Due to the pilot success, the Atlanta Airport secured approval for a campus-wide installation of the Grease Lock Filter system. The airport anticipates saving an estimated 1.1 million gallons of water and each concessionaire saving approximately $7300 per unit due to reduced kitchen exhaust system cleanings.

At the 2015 Annual Ei Partner Meeting the Ei AKG Initiative was announced in a presentation by Ei Industry Expert Partner Grease Lock Filters. The ZWA Blog article, Ei Airborne Kitchen Grease Initiative , announces the initiative; to download the PPT presentation visit the Annual Ei Partner Meeting page.


Via an Ei introduction, Ei Partners Renaissance Technology | Filters Plus completed an Atlanta Airport RFP (request for proposal) for toxic chemical-free cooling-tower maintenance; the RFP process served as the formal WCTI technology assessment process for the 2018 FY Budget, beginning July 1, 2017. If installed, the Atlanta Airport is staged to save an estimated 7 – 10 million gallons of water annually. The intent was for the Atlanta Airport to serve as a Lead Pioneer in the Ei Cooling Tower Blowdown Initiative along with formal City of Atlanta Office of Sustainability support.

In July 2018, Ei learned the WCTI technology was the RFP recommended system. Evaluations are underway by the contracted engineering consulting firm.

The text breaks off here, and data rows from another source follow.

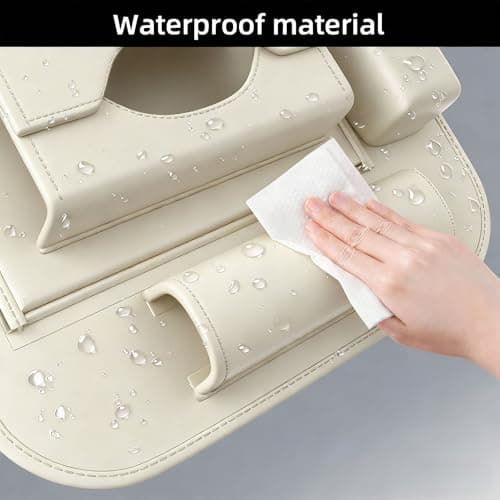 FASTAGEI 2 Pack Universal Premium Leather Foldable Car Backseat Organizer with Table Tray, Car Seat Back Protector with Garbage Bag Touch Screen Pad Holder, Car Kick Mats with Tissue Box (Beige) - Thumbnail 6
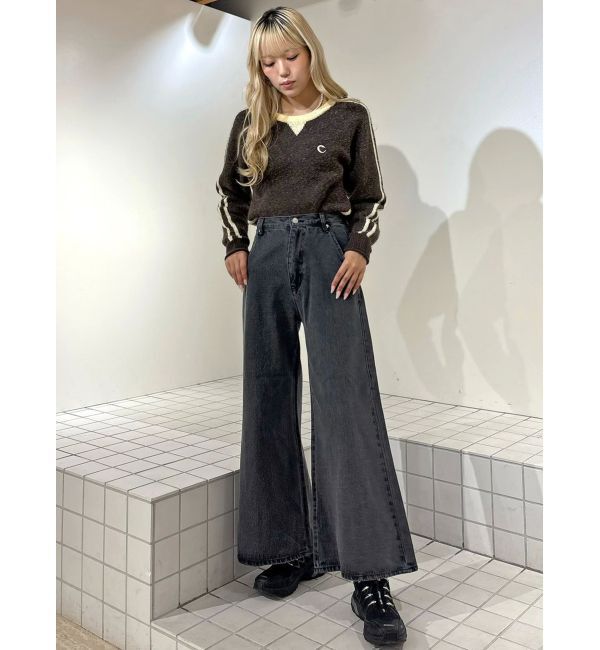 CALNAMUR「バックリボンデニムパンツ」|デニム|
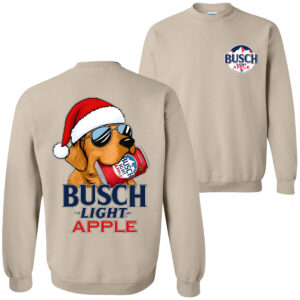 Busch Light Apple Golden Dog Christmas Sweatshirt, Busch Light Apple Shirt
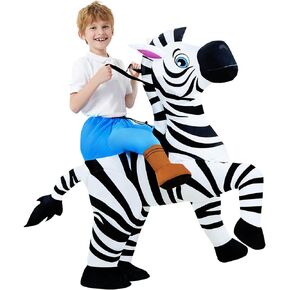 Inflatable Costume For Kids, Blow up Halloween Costumes for Kids, Ride On Zebra Costume Funny Inflatable Suit, Boys, Party, Child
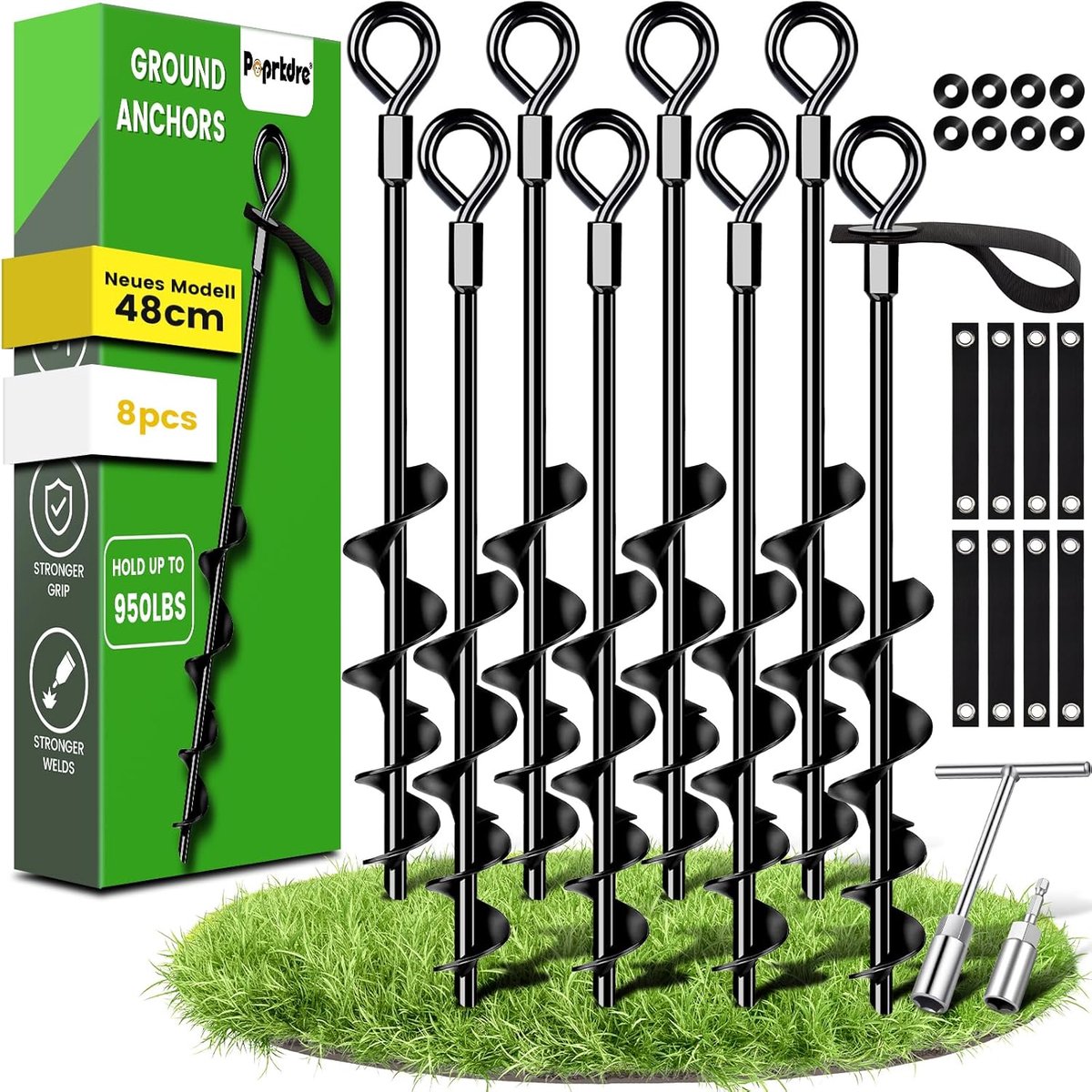 SnelShoppen - Ground Anchors 48 cm Set van 8 met Duurzame Straps - Grondankers voor Tent, Schommels, Luifels - Bijzonder Stabiliteit en Eenvoudige Ins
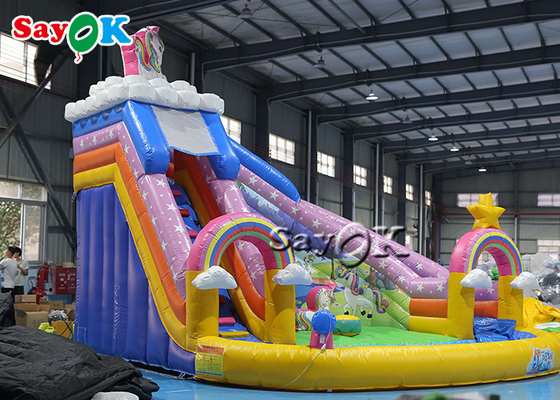 Unicorn Themed Inflatable Bounce House Slide With Ball Pit Pool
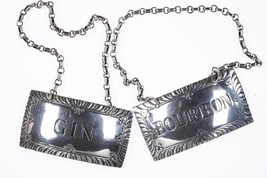 2 Stieff Sterling Liquor tags Gin/Bourbon Colonial Williamsburg - £122.69 GBP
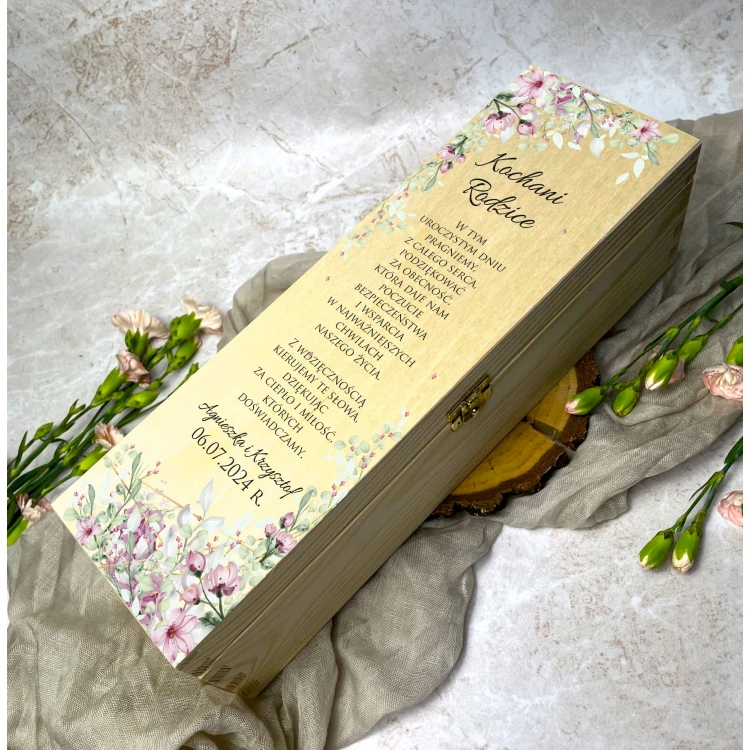 Eleganckie Pudełko na Wino z Personalizacją dla Rodziców - Wyrafinowany Prezent Ślubny - obrazek 2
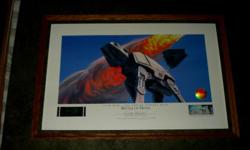 Limited Edition Lithograph with Illuminated Film Frames: 70mm film frame mounted in a bevel-cut matte surrounded
by storyboards and conceptual artwork $75 each call Dan at (916) 912-3056 or (916)705-7518
:"Cloud City of Bespin", signed by Ralph McQuarrie,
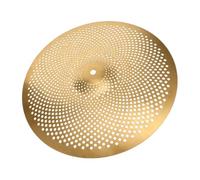 Silent Drum Cymbal Brass Crash 14 Inch Low Volume Pack | Stainless Steel Alloy Enhanced Sound Layers Noise Reduction Golden Finish , Home Practice Use , Beginners and Artists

The Atlanta Airport has a strong overall sustainability commitment and received the following awards:

  • 2011 Going Green Airport Award< – the prestigious award recognizes the value of the project, as well as outstanding leadership in pursuit of sustainability within the aviation industry. For details on the SFCI Atlanta Airport Team Award, visit the ZWA Blog post, Atlanta Airport SFCI Pilot Wins National Award.
  • Atlanta Business Chronicle’s ENPACT Award at the 2012 Environmental Awards – the Atlanta Airport received the impressive award for their overall sustainability efforts with specific mention of the SFCI Pilot during the award acceptance. The ZWA Blog, Atlanta Airport Wins ENPACT Award, gives additional details.
  • Atlanta Business Chronicles 2013 Emerging Leader Award – Michael Cheyne, Atlanta Airport director of asset management & sustainability, received the prestigious award for his career-long sustainability commitment. Michael was the lead SFCI – Atlanta Airport team member.